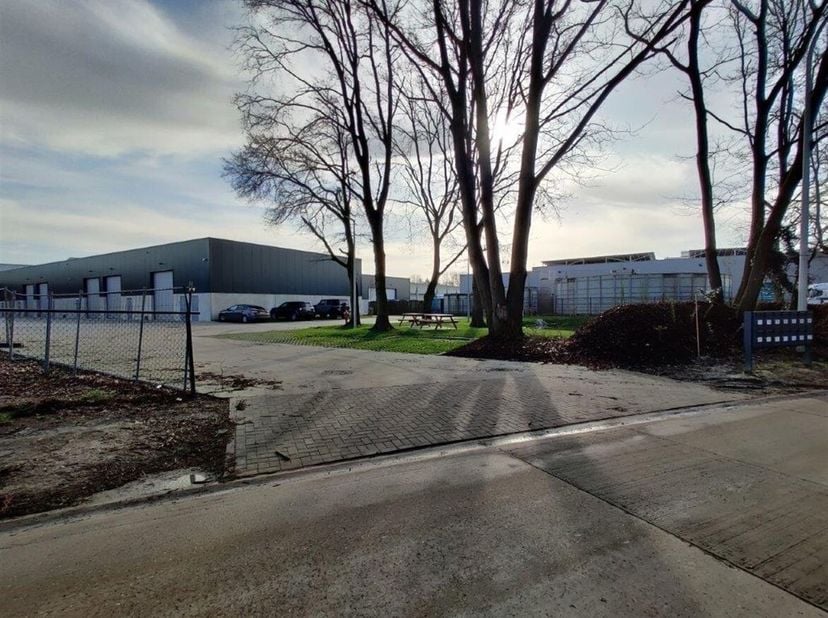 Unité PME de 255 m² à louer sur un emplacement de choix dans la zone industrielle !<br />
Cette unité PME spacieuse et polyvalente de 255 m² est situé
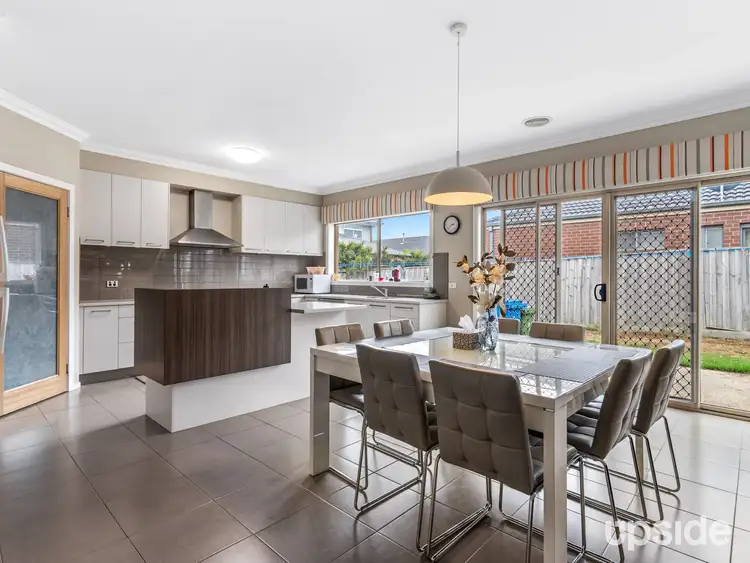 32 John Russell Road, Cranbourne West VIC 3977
───
What is being asked » Starting with the line that contains "Cette unité PME" and ending with the last line of the material, every line must be written out exactly; no other lines and no pictures are wanted.

Response area »
Cette unité PME spacieuse et polyvalente de 255 m² est situé
 32 John Russell Road, Cranbourne West VIC 3977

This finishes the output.